Hello fellow Entropians!
I’m writing–rapping, rapping at your chamber door?–to let you know of an opportunity this month of Halloween over here at Entropy Reviews: on October 31, we’ll be publishing some of the scariest moments in BOOks. We’d like you to contribute yours!
This can be scary in any sense: shocking, repulsive, indelible, unforgettable, inimitable, horrifying, mortifying, petrifying, provocative…the list could go on and include much more alliteration and half-rhyme. (Perhaps half-rhyme is in itself scary? Perhaps Edgar Allan Poe? Perhaps The Simpsons therein?)
You can interpret this politically (eek, easy enough), metaphysically, epistemologically, ontologically, illogically, absurdly, tragically, comically, tragicomically…you get the idea: You get to choose what scary means to you.
Only stipulation is that it’s got to come from a book and be a single moment. Give us that moment, best you can in summary, or go full-out and recreate it, and then: review the scare. Why’s it so scary? Just what makes it so? Is that what’s stuck with you?

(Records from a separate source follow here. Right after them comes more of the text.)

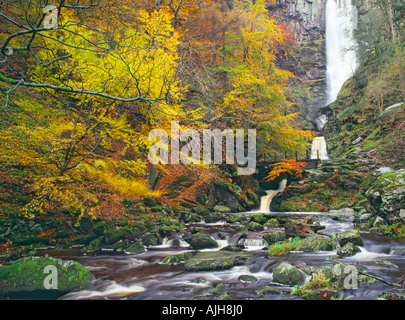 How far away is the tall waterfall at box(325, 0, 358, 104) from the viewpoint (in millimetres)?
36438

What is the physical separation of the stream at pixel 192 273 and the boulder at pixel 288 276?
20 centimetres

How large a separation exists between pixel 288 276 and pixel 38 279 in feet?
15.3

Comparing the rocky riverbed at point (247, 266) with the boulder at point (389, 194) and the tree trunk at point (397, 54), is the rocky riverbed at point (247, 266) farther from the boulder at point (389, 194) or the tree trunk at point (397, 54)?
the tree trunk at point (397, 54)

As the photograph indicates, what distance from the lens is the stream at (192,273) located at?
4945 mm

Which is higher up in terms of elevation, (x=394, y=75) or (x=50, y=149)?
(x=394, y=75)

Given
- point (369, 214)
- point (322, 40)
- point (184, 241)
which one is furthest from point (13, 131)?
point (322, 40)

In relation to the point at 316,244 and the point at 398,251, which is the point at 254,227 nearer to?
the point at 316,244

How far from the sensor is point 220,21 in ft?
64.5

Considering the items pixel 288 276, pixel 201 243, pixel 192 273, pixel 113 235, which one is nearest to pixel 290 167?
pixel 201 243

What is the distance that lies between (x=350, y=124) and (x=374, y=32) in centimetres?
750

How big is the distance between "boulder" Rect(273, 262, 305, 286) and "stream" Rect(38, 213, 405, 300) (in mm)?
202

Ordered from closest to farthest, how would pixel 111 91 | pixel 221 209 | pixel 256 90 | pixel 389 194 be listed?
pixel 111 91 → pixel 389 194 → pixel 221 209 → pixel 256 90

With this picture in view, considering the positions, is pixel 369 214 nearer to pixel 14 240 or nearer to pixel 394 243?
pixel 394 243

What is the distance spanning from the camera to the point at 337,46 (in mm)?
39625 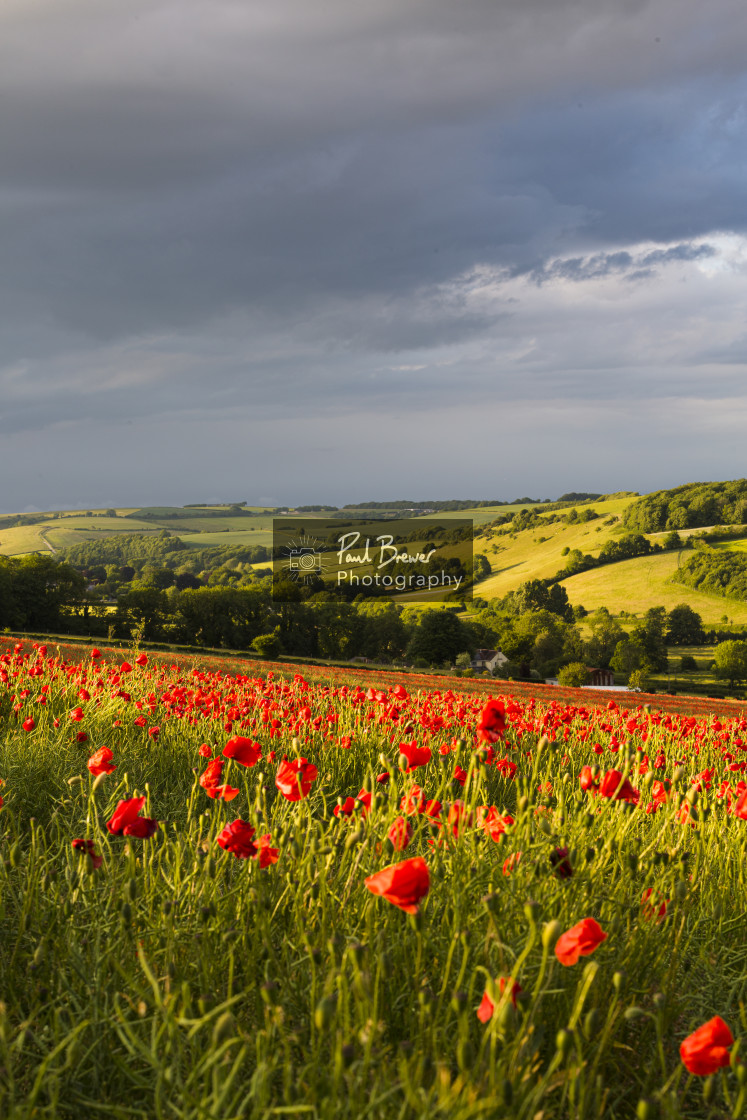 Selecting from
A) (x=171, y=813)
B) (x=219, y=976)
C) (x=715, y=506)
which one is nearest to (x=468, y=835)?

Is that a good thing?
Ultimately we’re trying to get at what of books sticks with us in a way we just can’t shake.
For instance, I’ll forever remember Molloy going mad sucking stones by the sea, transferring them from one hand to the other, passing through his mouth, to try to suck them all down evenly, like some weird weather erosion of the gaping maw; or Don Quixote going mad doing cartwheels, pantsless, alone in the woods, while his sidekick watches in horror from a distance; or the titular yellow wallpaper peeling madly back (shout to Charlotte Perkins Gilman, who so does not get enough credit for writing this eternal scare, to say nothing of its historical significance to feminism)…and such, to name a few.
Come to think of it, my scary seems madness. (And then there was that one time I took Robert Macfarlane’s The Old Ways with me to Chanctonbury Ring, a haunted beech tree copse on the south-east coast of England, and at night alone in my tent heard what he heard in the wind-whipped treetops.)
Now you think on it, have some fun with it–until you don’t, and the lights go out, and there’s nothing but the glow of your computer screen in the dark. Oh wait, that’s just what we call writing.